Nous avions la chance d’avoir à Nantes, à cette époque, une annexe de la Cinémathèque de Paris. C’était un lieu de découverte du cinéma qui sortait de la marchandise cinématographique à laquelle sont condamnés les gens de mon espèce.
Raoul Ruiz était présent à la projection. Il y avait à voir « l’hypothèse du tableau volé », « dialogue d’exilés », et peut-être « colloque de chiens ».
Les films étaient un bonheur de beauté, de lucidité, d’humour.
C’était une écriture cinématographique, pas une collection d’idées, un discours, de la littérature ou des bavardages.
Les échanges avec Raoul Ruiz, à la suite de la projection étaient simples, généreux, intelligents.
Je me souviens juste d’un reproche qui lui avait été fait, de délaisser « le peuple ». Il a simplement expliqué qu’il ne pouvait pas faire parler des paysans bretons de par son origine chilienne, qu’au Chili il aurait pu faire un film avec des paysans chiliens. En France, il ne pouvait rencontrer les gens que par le cinéma, par ce qu’il connaissait, par des éléments plus universels.
Il était étonnant que cette réflexion sur l’engagement au côté du « peuple » est été faite, le film « dialogue d’exilés » étant une belle illustration cinématographique du rapport entre les petites gens et les intellectuels en France.
Si je ne trompe pas, le personnage expliquait comment les Chiliens en exil se rencontraient, quelle que soit leur origine sociale, et comment, peu à peu, les intellectuels s’intégraient à l’élite culturelle française, et comment les gens issus de couches sociales « inférieures », selon la culture dominante, glissaient dans la galère. Alors le Chili ne comptait plus et les intellectuels n’avaient plus aucun rapport avec les prolos.
Il nous avait fait part de sa faim de filmer. Il avait raconté que travaillant pour la télévision française, il récupérait les chutes de pellicules, les restes de bobines, il les collait bout à bout, et après le travail, avec son équipe, ils continuaient à filmer l’histoire d’un homme qui volait. Cet homme sortait par la fenêtre de son bureau du premier étage et volait dans Paris. La caméra était montée sur le toit d’une camionnette. Nous avons pu voir un bout du travail en cours. A-t-il abouti  ?

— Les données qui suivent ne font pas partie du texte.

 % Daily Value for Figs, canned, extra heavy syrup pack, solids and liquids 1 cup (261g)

J’ai perdu de vue Raoul Ruiz après « les trois couronnes du matelot », « le territoire » et « la ville des pirates ». Le Cinéma « le Versailles » a disparu, où Henri Alekan nous avait parlé de l’image du film « Le territoire ». La cinémathèque de Nantes a mis la clé sous la porte. Je ne sais pas pourquoi, mais c’est une fenêtre sur le monde qui s’est fermée pour moi.

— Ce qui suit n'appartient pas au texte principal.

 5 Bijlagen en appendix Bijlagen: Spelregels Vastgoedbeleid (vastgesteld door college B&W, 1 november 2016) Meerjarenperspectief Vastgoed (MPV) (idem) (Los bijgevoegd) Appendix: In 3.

D’autres fenêtres se sont ouvertes, dans d’autres domaines, mais depuis quelque temps les gens comme moi sont refoulés dans des camps, sans barbelés, sans tortures, presque sans capos, mais tout aussi déshumanisants.
Le cinéaste de cette époque-là disait beaucoup de choses, posait beaucoup de questions, son cinéma était un véritable dialogue, une maison ouverte aux passants, le genre qu’on ne trouve pas dans les supermarchés, ou dans les épiceries fines, de la culture.